Scientists at Brookhaven National Laboratory have identified the primary cause of failure in a state-of-the-art lithium-metal battery.
Using high-energy x-rays, scientists followed the cycling-induced changes at thousands of different points across the battery to identify depletion of the liquid electrolyte as the primary cause of failure.
The team mapped the variations in performance, and at each point used the x-ray data to calculate the amount of cathode material and its local state of charge.
These findings, combined with complementary electrochemical measurements, enabled them to determine the dominant mechanism driving the loss of battery capacity after many charge-discharge cycles.
The findings were reported in the journal Chemistry of Materials.
The electrolyte transports lithium ions between the rechargeable battery’s two electrodes during each charge and discharge cycle.
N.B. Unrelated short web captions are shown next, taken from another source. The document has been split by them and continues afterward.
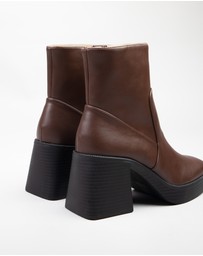 RAID - Lexus chunky mid heel boots in brown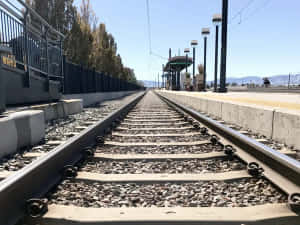 通往火車站的鐵路軌道，背景有山脈。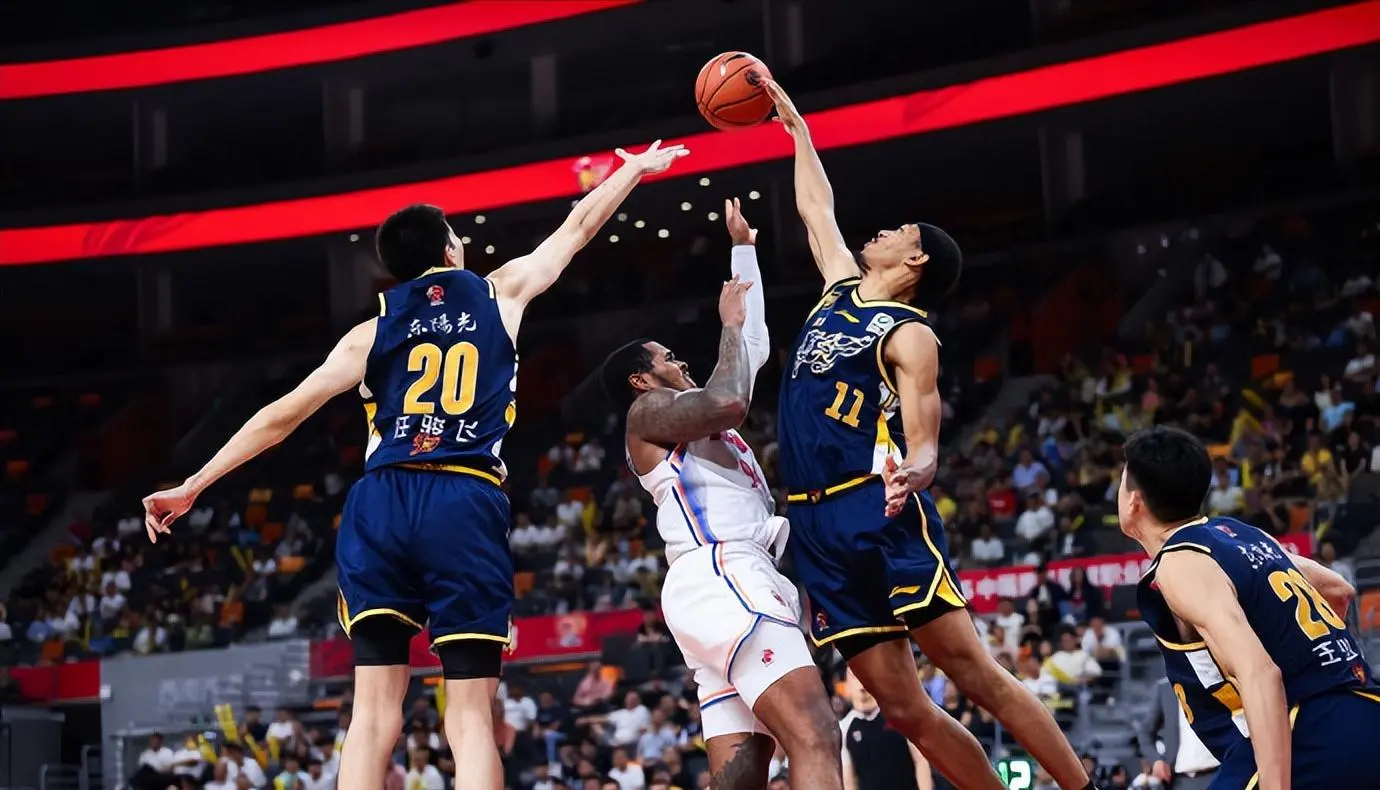 tenan, 贝兹利被广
Since 2017, the Battery 500 Consortium— a PNNL-led and DOE-sponsored group of national laboratories and universities— has been working to develop lithium-metal anodes with an energy density three times higher than current automotive batteries
Lithium metal is very reactive and degrades as the battery cycles. The degradation reactions consume the electrolyte over time.
Early on in their development, high-energy-density lithium-metal anodes had a very short lifetime, typically 10 cycles or less. Battery 500 Consortium researchers improved this lifetime to 400 cycles in 2020, and are aiming for lifetimes of 1,000 cycles or more to meet electric vehicle needs.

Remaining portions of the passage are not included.